I love the clarification at the beginning, stating that this is not Islamic and that religious and cultural inspiration was just that, inspiration. It allowed me to get comfortable and enjoy the tale for what it is.  I wasn’t worried about checking things, or worrying about religious impressions and accuracy, it was so freeing, thank you.  I really hope that there is a map in the final physical copy, because I just really like maps.  I liked the Persian numbers and script on the chapters and the references make the book that much richer and fleshed out.

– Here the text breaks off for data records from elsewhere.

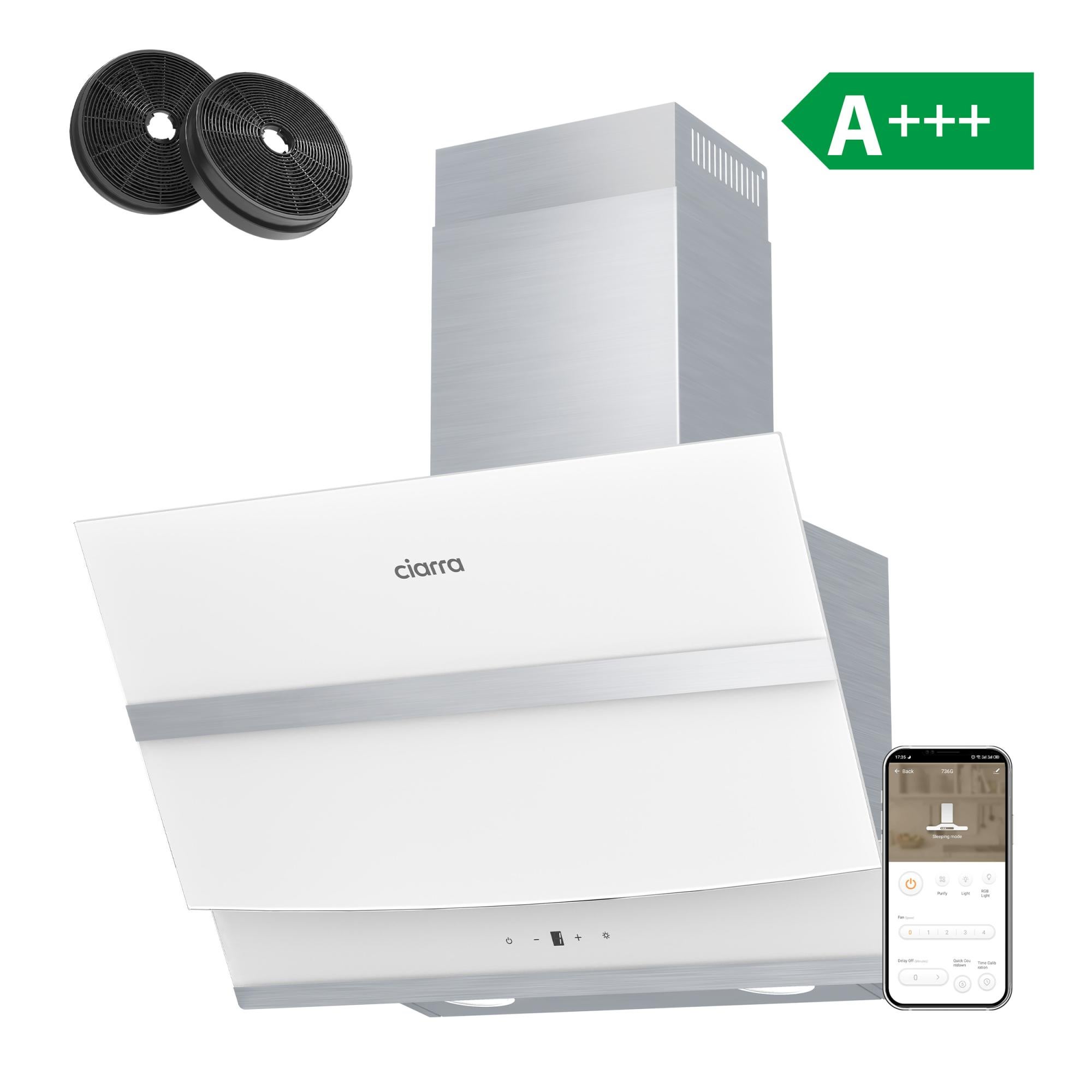 Hotte Aspirante CIARRA 60cm A+++ - 650 M³/h - App & TouchControl - Noire - Recyclage/Évacuation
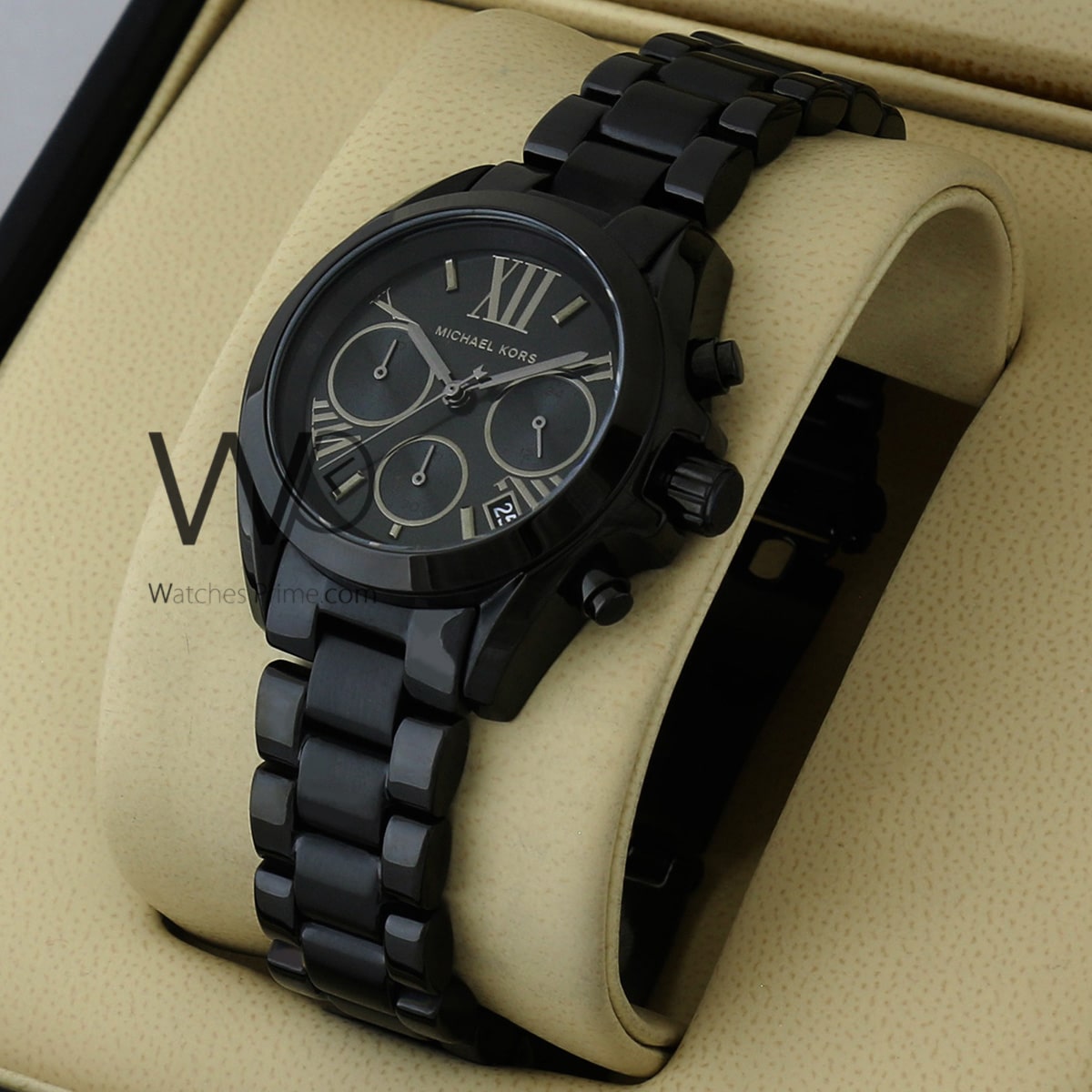 MICHAEL KORS CHRONOGRAPH WATCH BLACK WITH STAINLESS STEEL BLACK BELT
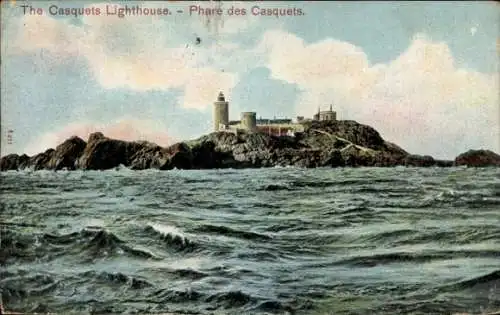 Ak Angelsächsische Insel Alderney, Leuchtturm Les Casquets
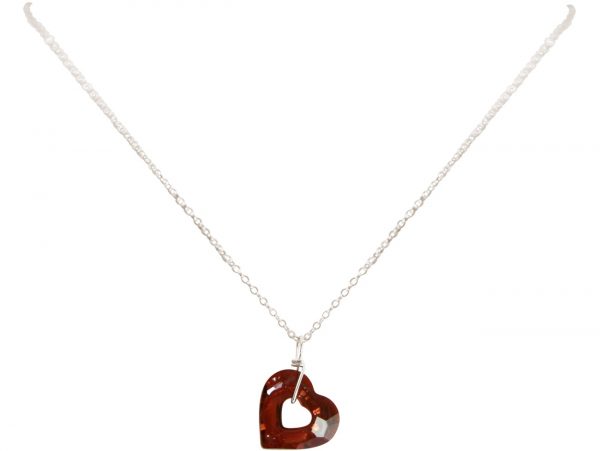 Gemshine - Damen - Halskette - Anhänger - 925 Silber - Herz - Open Heart - Rot - MADE WITH SWAROVSKI ELEMENTS® - 45 cm – Bild 3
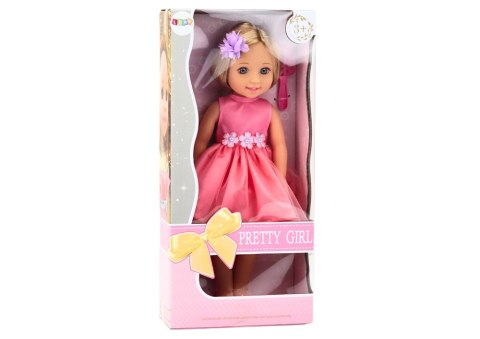 Lalka Długie Włosy Różowa Sukienka Spinka Szczotka 38cm Lalka Długie Włosy Różowa Sukienka Spinka Szczotka 38cm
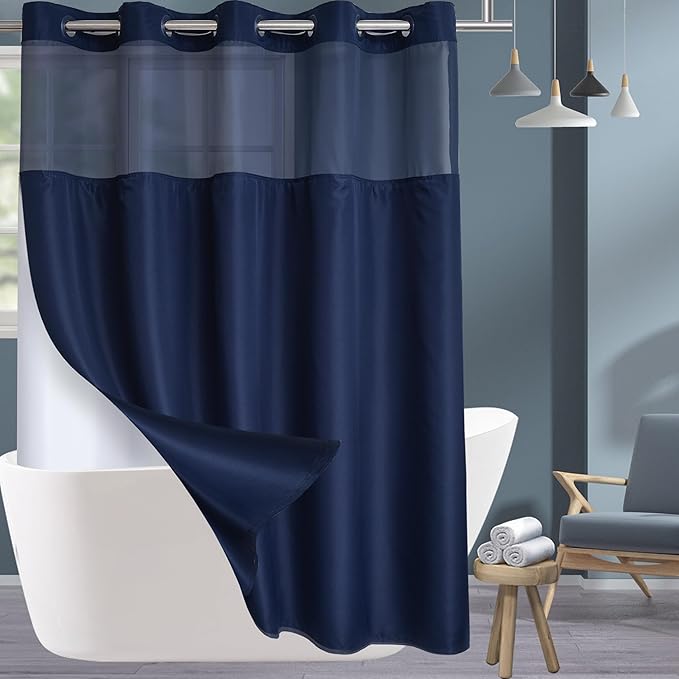 Conbo Mio No Hook Shower Curtain with Snap in Liner Set, Hotel Luxury Dark Blue Fabric Shower Curtains for Bathroom with See Through Top Window, Washable, Waterproof 71W x 74H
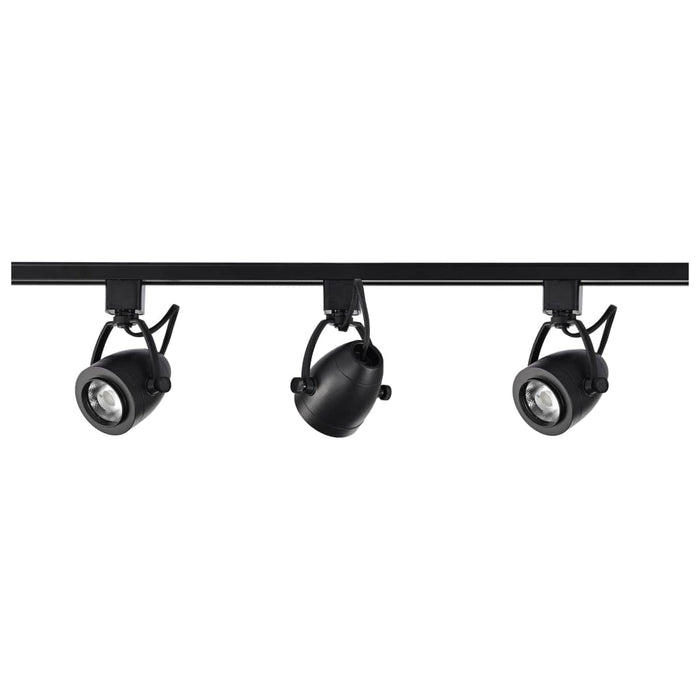 Track Kit Nuvo TK414 3 Light - Track Lighting Kit - 12 Watt LED per Head - 3000K - 4 foot Track - 36 degree - Pinch back - Black finish - H-Style Nuvo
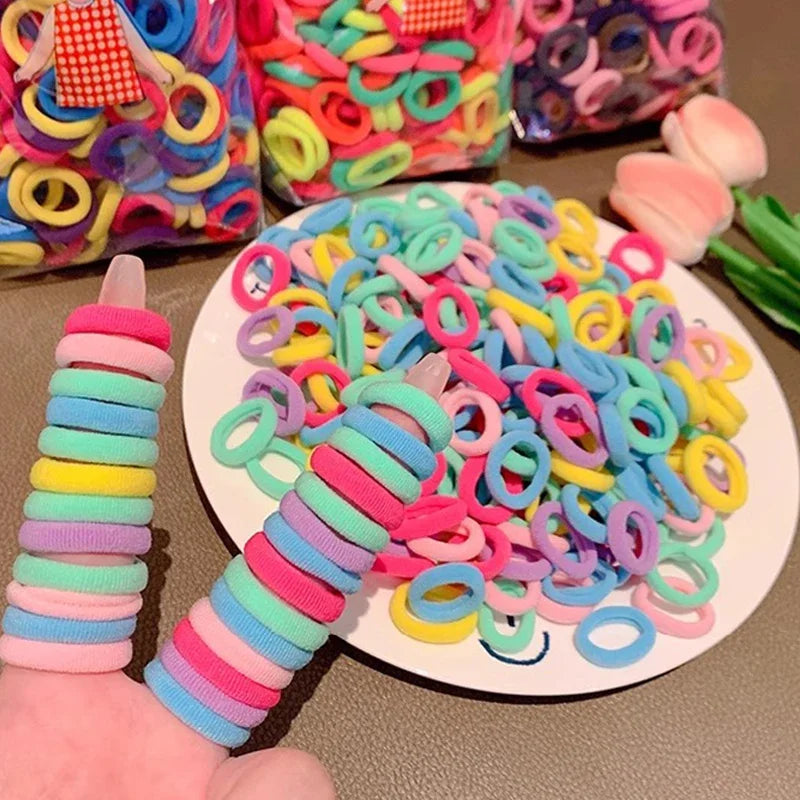 200PCS Women Girls Colorful Nylon Elastic Hair Bands Ponytail Hold Small Hair Tie Rubber Bands Scrunchie Hair Accessories Beauty World Shop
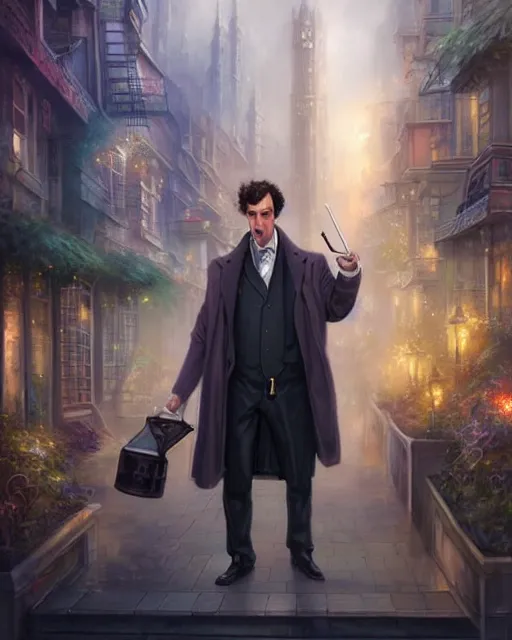 Image similar to portrait of sherlock holmes on a futuristic city street, soft colours, digital painting, detailed, realistic, digital art, by alayna lemmer, by tom bagshaw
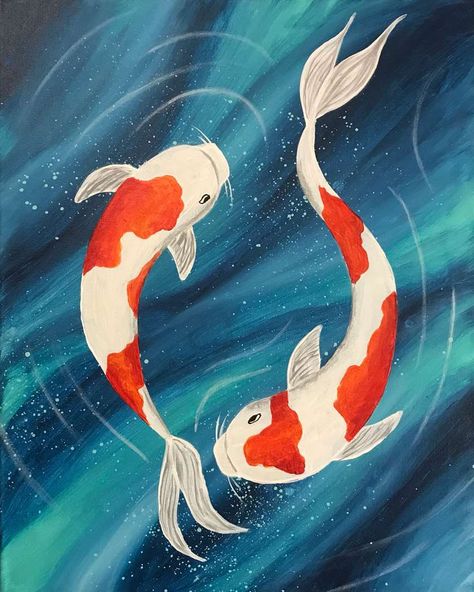 Karp Koi, Koi Painting, Koi Fish Drawing, Piskel Art, Ikan Koi, Koi Art, Kunst Inspiration, Fish Drawings, Canvas Painting Designs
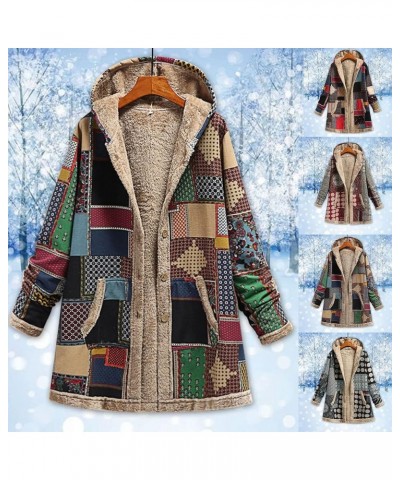 Ethnic Winter Coats Womens Warm Fleece Jackets with Hood Vintage Print Overcoats Plus Size Tops Pocket Cardigan Sweater Red $...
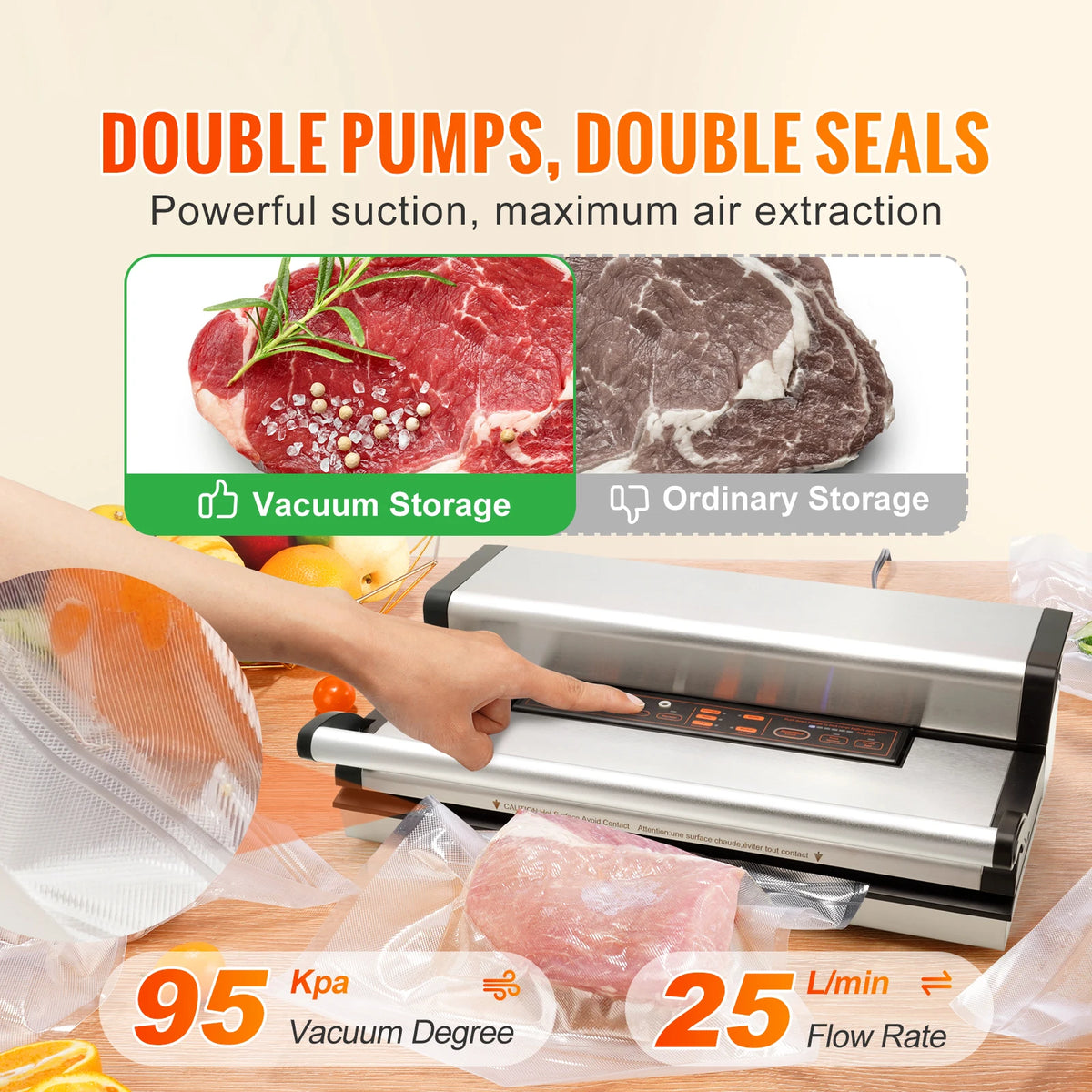 SucceBuy Commercial Automatic Vacuum Sealer With Roll Storage And Cutter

I am admittedly fairly new to fantasy, so I enjoyed the slower pace and character building.  I found it enveloping and smooth, there were small conflicts, but the subtle world building through understanding the characters, and their perspectives, was a nice framing for a story that very easily could have dragged, but in reality flew by.  The only point that I found unrefined, was how much Alizeh knew of her past and the impact it had on her current situation.  There seemed to be a bit of a disconnect in teasing that thread.  The reader knows who she is, so I’m not sure why she seems to not know, and then proves that she does, there is no subtlety in that regard.  And the only character, that seemed underdeveloped was that of Hazan, his banter with the Kamran grated on my nerves, and I didn’t understand the abruptness of his and Alizeh’s relationship, it seemed forced.  Nearly everything else in the book was very organic and gently referenced and established very deliberately, but it almost seemed like I missed a chapter or two, when all of a sudden Hazan emerges as being such a main character in Alizeh’s life.  Undoubtedly it was a surprise for the reader, but some nuance in the revelation through Alizeh’s eyes, would have assisted in the continuity of the character and tone of the book.

FLAGS:
A kiss, and attraction, talk of illegitimate children.  There is killing and violence, attempted assault: physical and sexual, not detailed, but referenced as a fear as she walks alone at night.  There is darkness and talk of the devil, deceit, lying, plotting.  Nothing an early teen could not handle.

TOOLS FOR LEADING THE DISCUSSION:

I would have to delay deciding if I could do this as a book club selection until I read the next book.  There is so much potential, that I truly hope that I can introduce the series to young readers to enjoy, get lost in, and discuss.